United States Court of Appeals, District of Columbia Circuit.

Argued June, 19, 1970.
Decided Dec. 4, 1970.
Motion for Rehearing to Correct Opinion Denied Feb. 26,1971.

Mr. George C. Longshore, Birmingham, Ala., with whom Mr. George H. Cohen, Washington, D.C., was on the brief, for petitioner in No. 22,872.

Mrs. Corinna L. Metcalf, Atty. National Labor Relations Board, with whom Messrs. Arnold Ordman, General Counsel, Dominick L. Manoli, Associate General Counsel, and Marcel Mallet-Prevost, Asst. General Counsel, National Labor Relations Board, were on the brief for petitioner in No. 23,010 and respondent in No. 22,872.

Messrs. Guy Farmer and John A. McGuinn, Washington, D.C., for respondent in No. 23,010.
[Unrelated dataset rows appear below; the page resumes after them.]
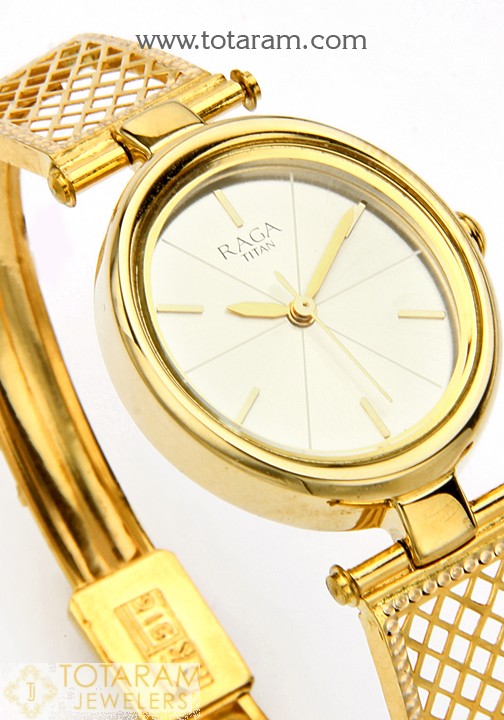 Shop Titan Ladies Watches New Collection 2024 with Prices – Stunning Designs & Best Deals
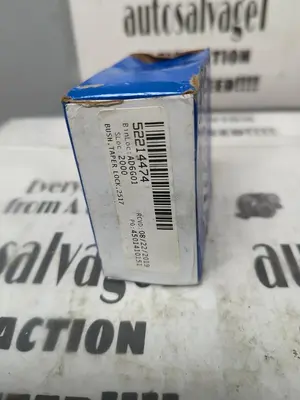 New | in-Stock MARTIN 2517 30MM Conveyor Parts Ohio US | Surplus Asset Holdings #1234945
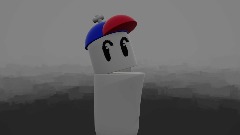 Remix of cuh kPILLSTAR RUNNER INTRO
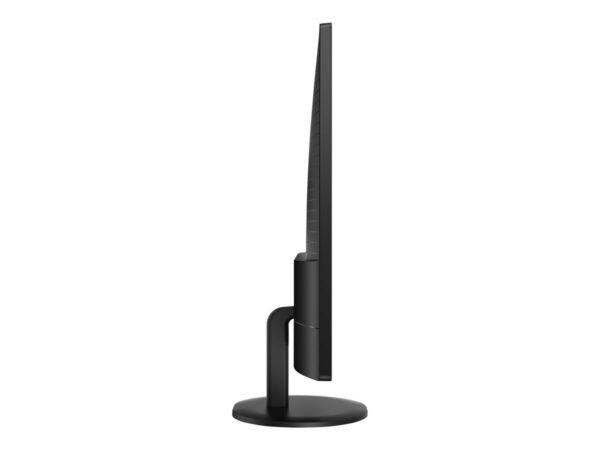 AOC Q27V4EA 68.6cm 27p IPS QHD 2560×1440 16:9 250cd/m2 178/178 4ms HDMI 1.4 DP 1.2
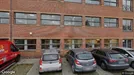 Kontorhotel til leje, Glostrup, &lt;span class=&quot;blurred street&quot; onclick=&quot;ProcessAdRequest(119485)&quot;&gt;&lt;span class=&quot;hint&quot;&gt;Se vej-navn&lt;/span&gt;[xxxxxxxxxx]&lt;/span&gt;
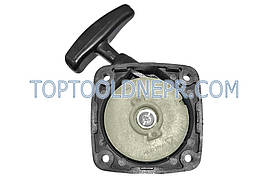 Стартер для бензокоси малий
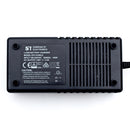 54.6V Charger for 48V Battery - RCA plug  ( 2.5 Amp )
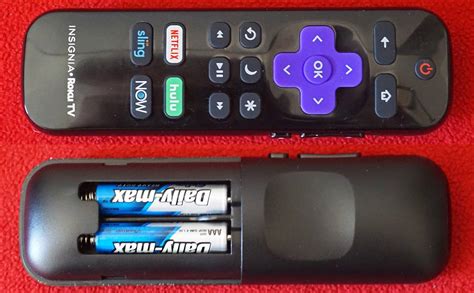 Roku Remote Tips 的图像结果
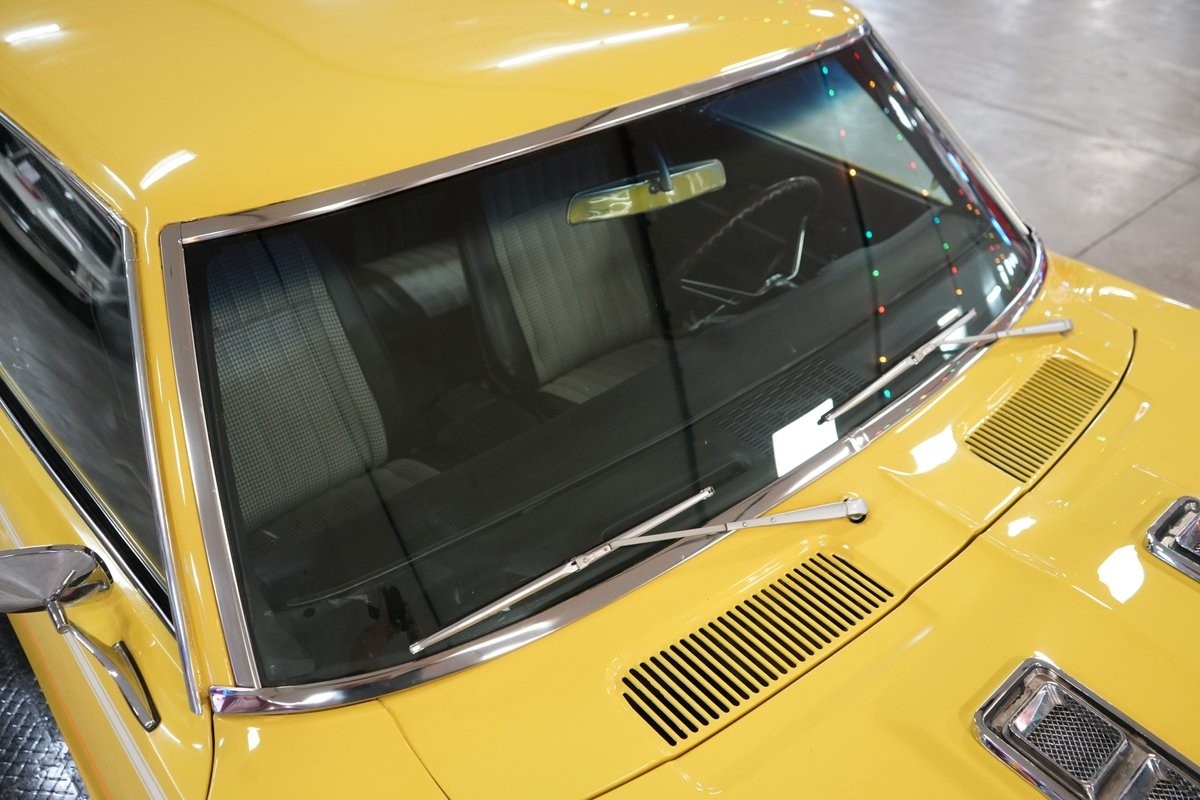 Chevrolet-Camaro-RSSS-Style-1969-Coupe-36
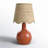 Maura Accent Table Lamp-1909480550-1909480548-1909637563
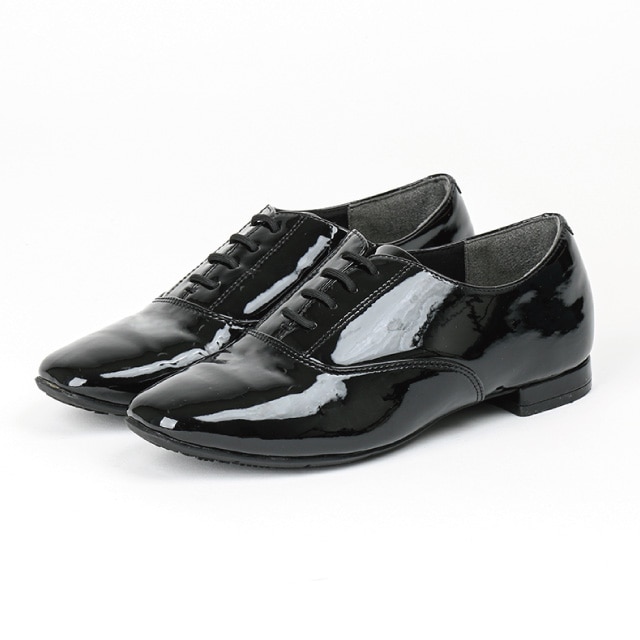 AO-10229 BLACK ENAMEL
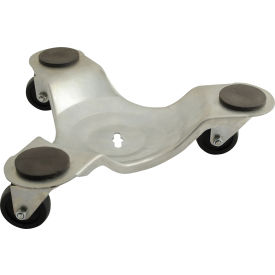 Portable Furniture Leg Dolly 300 Lb. Capacity per Dolly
Before BAZELON, Chief Judge, TAMM, Circuit Judge and MATTHEWS,* Senior Judge, United States District Court for the District of Columbia.

TAMM, Circuit Judge:

Congress in enacting the National Labor Relations Act gave courts the power to review orders of the National Labor Relations Board (hereafter 'the Board'). Findings with respect to questions of fact when supported by substantial evidence shall be left to the discretion of the Board. The Board, of course, is in a position neither to impose certain rules upon parties to a labor dispute while the proceedings are under way nor to abandon its impartiality in aid of one party or the other. In the instant case it would not be difficult for the Court to find in favor of the Union, nevertheless, based on the law we are compelled to disagree with the Board's decision to so find and we remand the dispute for further consideration.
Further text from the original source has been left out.